(What needs to be done)
Starting at the line that contains "makima \(chainsaw man\), best", return every line down to the end of the records below, exactly as written.

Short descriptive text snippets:
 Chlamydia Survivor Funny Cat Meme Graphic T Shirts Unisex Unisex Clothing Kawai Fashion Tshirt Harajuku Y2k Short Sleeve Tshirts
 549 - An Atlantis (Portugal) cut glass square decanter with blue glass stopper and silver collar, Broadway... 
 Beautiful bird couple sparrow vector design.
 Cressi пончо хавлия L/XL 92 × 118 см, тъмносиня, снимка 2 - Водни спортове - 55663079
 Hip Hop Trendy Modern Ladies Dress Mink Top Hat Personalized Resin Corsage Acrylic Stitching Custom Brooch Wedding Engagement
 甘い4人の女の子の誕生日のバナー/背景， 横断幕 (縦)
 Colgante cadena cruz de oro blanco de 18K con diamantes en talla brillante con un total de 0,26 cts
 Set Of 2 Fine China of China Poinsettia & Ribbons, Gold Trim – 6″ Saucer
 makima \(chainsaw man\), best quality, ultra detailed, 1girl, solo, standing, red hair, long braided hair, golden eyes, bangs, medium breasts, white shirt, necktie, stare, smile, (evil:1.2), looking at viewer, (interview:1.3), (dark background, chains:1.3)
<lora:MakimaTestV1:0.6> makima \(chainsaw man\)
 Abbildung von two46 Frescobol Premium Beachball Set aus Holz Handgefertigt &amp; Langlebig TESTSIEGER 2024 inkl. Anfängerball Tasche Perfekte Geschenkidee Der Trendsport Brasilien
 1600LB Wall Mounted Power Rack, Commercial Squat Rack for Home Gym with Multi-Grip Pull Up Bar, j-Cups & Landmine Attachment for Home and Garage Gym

(Result of the exercise)
 makima \(chainsaw man\), best quality, ultra detailed, 1girl, solo, standing, red hair, long braided hair, golden eyes, bangs, medium breasts, white shirt, necktie, stare, smile, (evil:1.2), looking at viewer, (interview:1.3), (dark background, chains:1.3)
<lora:MakimaTestV1:0.6> makima \(chainsaw man\)
 Abbildung von two46 Frescobol Premium Beachball Set aus Holz Handgefertigt &amp; Langlebig TESTSIEGER 2024 inkl. Anfängerball Tasche Perfekte Geschenkidee Der Trendsport Brasilien
 1600LB Wall Mounted Power Rack, Commercial Squat Rack for Home Gym with Multi-Grip Pull Up Bar, j-Cups & Landmine Attachment for Home and Garage Gym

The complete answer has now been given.